I saw it! Excellent, Mike!


----------



## danielfranco

My paranoid streak went "whoa down, Nellie!" (I thought you had put the message there just for me, so I can stop being an ass).
But I think it's great! And I think I agree with the Lord of Poultry in thinking that perhaps the message should remain there to remind everyone up to the senior membership.
And, to be honest, some of us senior members could use some of those reminders sometimes....
Maybe after a thousand posts we should just get a message that reads something like: "Alright, already, why don't you just get over yourself and play nice, darn it?"


----------



## Etcetera

Excellent work! I like the changes.
Thank you, Mike!


----------



## mkellogg

This isn't right.  You all are supposed to be complaining!

Fp.  Good ideas, thanks.  Let me see what I can do with them.

Lsp, let's see how the "search" links beside the New thread title box works.  If people still don't catch the hint then we will dumb it down a little more.


----------



## Venezuelan_sweetie

Excellent.  There is no other word...

I have only one complain: why in the world didn't you do that before?  

Now seriously, I'm sure this will be very helpful from now on.  I agree with fenixpollo's suggestion, except one: is it me, or there are many members who still don't give a try of their own, before asking for help?

The rest, perfect.  Way to go, Mike!


----------



## Nunty

mkellogg said:


> This isn't right.  You all are supposed to be complaining!

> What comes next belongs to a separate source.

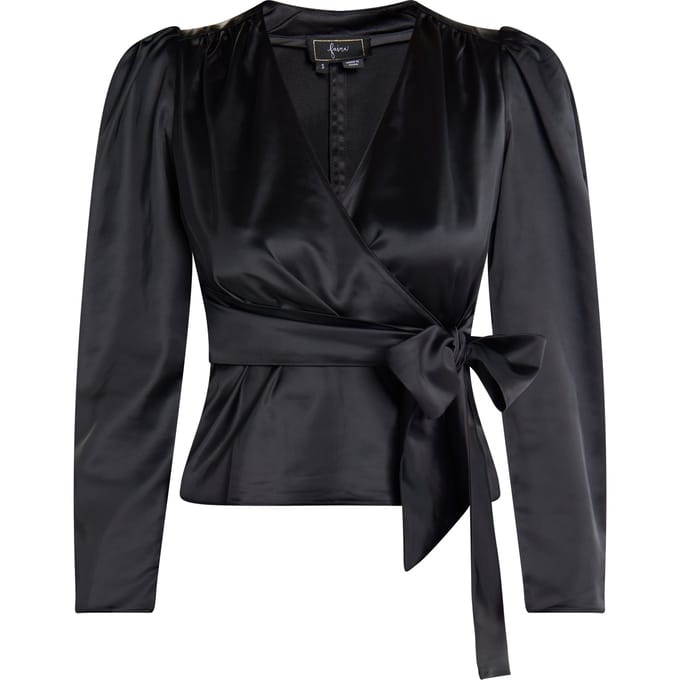 Faina Wikkel blouse Dames zwart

Ummm, Mike? If you're feeling a lack, I'm sure we can work something out...


----------



## natasha2000

Excellent idea, Mike.

I agree with Fenix's suggestions, and I would like to add one more.

The text should be put ABOVE the text box, not UNDER it. I haven't noticed it (my text for "seniors") until I scrolled down, and very often, I do not scroll down, I just write. So, if the text for newbies is also under the text box, I suggest to put it ABOVE it, so they can see it reight after opening the Reply or New Thread window.


----------



## fenixpollo

natasha2000 said:


> The text should be put ABOVE the text box, not UNDER it.


 Part of me agrees, and the other part of me sees the logic in putting it under the text box, so that the user has to pass it (and theoretically read it) before clicking "submit".





Venezuelan_sweetie said:


> is it me, or there are many members who still don't give a try of their own, before asking for help?


 Look at this thread, especially post #7 and beyond, where we discussed the issue you bring up, Sweetie. It appears that each forum is different: some moderators require that an attempt be made first, while others don't.


----------



## Venezuelan_sweetie

fenixpollo said:


> Look at this thread, especially post #7 and beyond, where we discussed the issue you bring up, Sweetie. It appears that each forum is different: some moderators require that an attempt be made first, while others don't.


 
Thanks, fp, I'll bear it in mind next time I find a post which suits that description. 

Then, the way Mike wrote the instructions sounds fine (to me), especially the use of "should", which makes it flexible enough. Don't you think?


----------



## fenixpollo

I agree that it's important, Sweetie, and that the wording is OK (although the "exception" isn't necessary if the "should" stays in there); I just think that the warnings about context are _vital_ and that the rest is just "nice to have".


----------



## geve

Just one additional comment: This


> You have selected 1 post that is not part of this thread. Quote this post as well, or deselect this post.


now appears under the short message as posted by fenixpollo. It took me a while to notice it. Would it be possible - and is it pertinent - to have it right under the reply box?


----------



## geve

Me again 
I switched my "Forum language" to French today (only temporarily, I'm too used to English and I can't find my way around in French!!) and noticed that the text you introduced in this thread isn't translated. Are you planning to have different versions for different displays (is it even possible?), or will it stay in English for everyone?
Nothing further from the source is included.